Rudy Giuliani Ordered by Jury to Pay Nearly $150 Million in Defamation Damages to Georgia Election Workers

Authored by themessenger.com and submitted by TheMessengerNews

An eight-person jury in Washington, D.C. on Friday ruled that former Donald Trump personal lawyer Rudy Giuliani must pay nearly $150 million in damages to mother-daughter Fulton County election workers Wandrea "Shaye" Moss and Ruby Freeman.

The jury awarded over $16 million in compensatory damages and $20 million for intentional infliction of emotional distress to each woman. Giuliani was also hit with $75 million in punitive damages.

The amount was set after 10 hours of deliberation.

The ruling came after Giuliani dropped plans to testify in his defense on Thursday morning in the defamation case. The previous night he had promised reporters that the "truth will come out."

Giuliani's civil trial, which began earlier this week, saw emotional testimony from both Moss and Freeman detailing the threatening messages and racist insults they received as a result of conspiracies spread by the former New York mayor and others in the aftermath of the 2020 presidential election.
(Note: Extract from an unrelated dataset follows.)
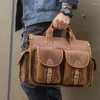 Porte-documents Sbirds Vintage mode sacs à main en cuir pour hommes sac à bandoulière véritable mallette multifonctionnelle fourre-tout d'affaires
Lies spread by Giuliani included unsupported accusations that the election workers committed election fraud and inserted a USB drive into voting machines.

During closing arguments on Thursday, Michael Gottlieb, the attorney for the two Atlanta election workers, forcefully portrayed Giuliani as a willful destroyer of the women’s reputation and mental health — and that he showed no compunction.

Rudy Giuliani, the former personal lawyer for former U.S. President Donald Trump, speaks to the press as he leaves the E. Barrett Prettyman U.S. District Courthouse on December 11, 2023 in Washington, DC. Drew Angerer/Getty Images

Giuliani branded the civil servants as “fraudsters and criminals,” Gottlieb said. The magnitude of the harm is “massive" and the case is "unprecedented," he added.

The plaintiffs sought $24 million each to compensate for reputational damage. But the jury had room to also award compensation for intentional infliction of mental distress — which includes pain and suffering. The attorney ran down a harrowing list of alleged harms he attributed to Giuliani's campaign to smear the workers.

Moss' son failed out of school because of harassment, and his mother, Gottlieb suggested, considered suicide. The harm the mother-daughter plaintiffs suffered was "not accidental," their attorney said.

In his closing arguments, Giuliani defense attorney Joseph Sibley tried to play down his client's role in initially spreading defamatory information about the plaintiffs. Sibley said the Gateway Pundit internet site was the first to identify the women in a video.

U.S. District Judge Beryl Howell already found Giuliani civilly liable for defamation, intentional infliction of emotional distress and civil conspiracy in August. The former New York City mayor was ordered to pay $132,000 in legal fees under that ruling.

Giuliani, who started working as then-President Trump's personal lawyer in April 2018 during Special Counsel Robert Mueller's investigation, is also facing charges in the state of Georgia alongside Trump and others. The group is charged with attempting to overturn the results of the 2020 election in the state.

The former New York City mayor is also facing a separate lawsuit in his home state accusing him of failing to timely pay his legal bills to attorneys.